Neverending Nightmares is comprised of a cyclical and ever-escalating series of dreams experienced by a character who continually wakes up back in bed, only to be faced with new horrors. This is, admittedly, not an original idea, but its execution in Nightmares is definitely unique. Throughout an eerie mansion, a grisly asylum, and a few other locations, the game’s ever-shifting black-and-white aesthetic is marred regularly by splotches, pools and sprays of bright red blood. Darkness and shadows are seen as solid patches of scribbled lines that can hide entire rooms from view.
A chilling soundtrack by electronic artist Skyler McGlothlin (a.k.a. Nautilis) charges every scene with anxious tension. The game is played in 2D, and it proves that you don’t need photorealism or difficult puzzles to experience terror from playing a video game.
The game was inspired by a dream Gilgenbach had long before he ever began working on it. “I was a little kid, and I had a sister, and something terrible happened to my sister and she turned into a crazy murderer and I had to kill her,” he described. “But then in the dream there was this time limit aspect to it.
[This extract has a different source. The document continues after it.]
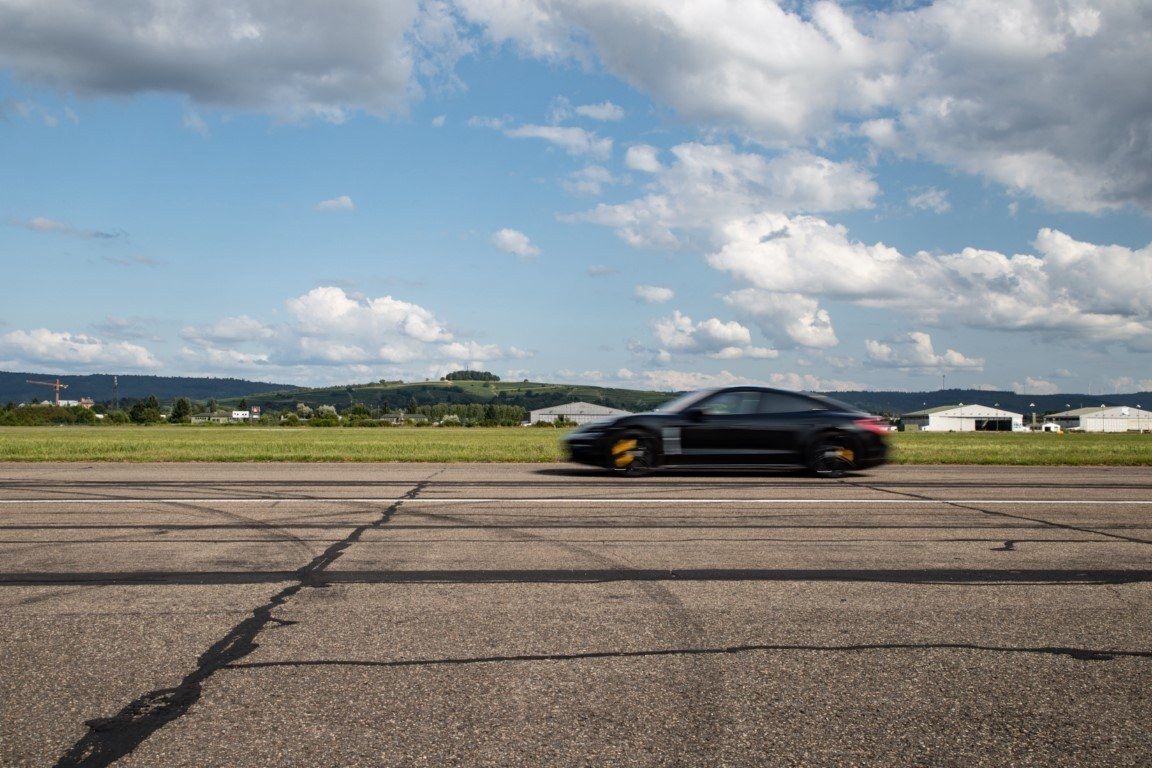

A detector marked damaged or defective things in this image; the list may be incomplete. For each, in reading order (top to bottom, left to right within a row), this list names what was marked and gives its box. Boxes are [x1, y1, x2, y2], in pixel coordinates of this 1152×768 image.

crack in asphalt [47, 476, 430, 764]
Something happened and things would go terribly and then I would try again, and things would still go terribly.”
That aspect originated either from playing lots of video games, where you’re constantly dying and respawning at previous checkpoints, or from “a fondness for the movie Groundhog Day,” as Gilgenbach guessed. “It’s tough to say with dream analysis,” he explained. “I don’t know if I’m very good at that.”
Nightmare‘s environments and characters do a great job of imparting the uncertainty that Gilgenbach and his team at Infinitap were shooting for. You’ll plummet off a cliff, be crushed to death by a giant, muscle-veined baby, or catch an axe through the head courtesy of a murderous doppelganger, only to wake up in your bed again. Only now the doors have all moved, or the hallways are filled with bloody, blinking dolls, or you’re suddenly a little kid, or you’re in a psych ward filled with cannibals, or your sister is in bed with you, or the portraits on the walls (featuring the faces of Kickstarter backers) are simply looking at you funny, or you’re feeding your hand into a meat grinder.
The developers also did their best to make the player feel “disempowered,” Gilgenbach said, and Nightmares perfectly captures the randomness and malleability of dreams. The only other character in the game, Gabby, is the protagonist’s sister in one scene, his wife in another, and his psychiatrist in the next. He’s as confused as the player, and the game never deigns to explain what the reality is, even when it’s over—there are three endings, and it’s up to interpretation which one (if any) is real. Not one is particularly pleasant.
These branching paths, once common in games, have lately become something of a lost art (or a good-riddance relic, depending who you ask), but Gilgenbach said he enjoyed giving players some control over the story—not to mention leaving things ambiguous. “The endings can redefine the context of everything that led up to them,” he said.
But there was another reason for leaving things bleak. “One of the things I wanted to convey is there’s not a quick and easy fix for mental illness,” Gilgenbach said. “I feel like it would be sort of unfair to wake up and everything’s in color and there’s flowers everywhere. That, to me, wouldn’t be authentic.”
But if you pay attention to the credits you’ll spot a link to the National Institute of Mental Health’s website with a note for any players who are currently suffering.
Gilgenbach wanted to make sure people know that “things can get better.”
“At this point in my life, in the years and years of therapy, I’ve found techniques that work for me and have made my life worth living,” he said. “The fact that recovery is a long, slow process is not something easily conveyed, so we didn’t really try, other than to say it’s really a good idea to seek out help.”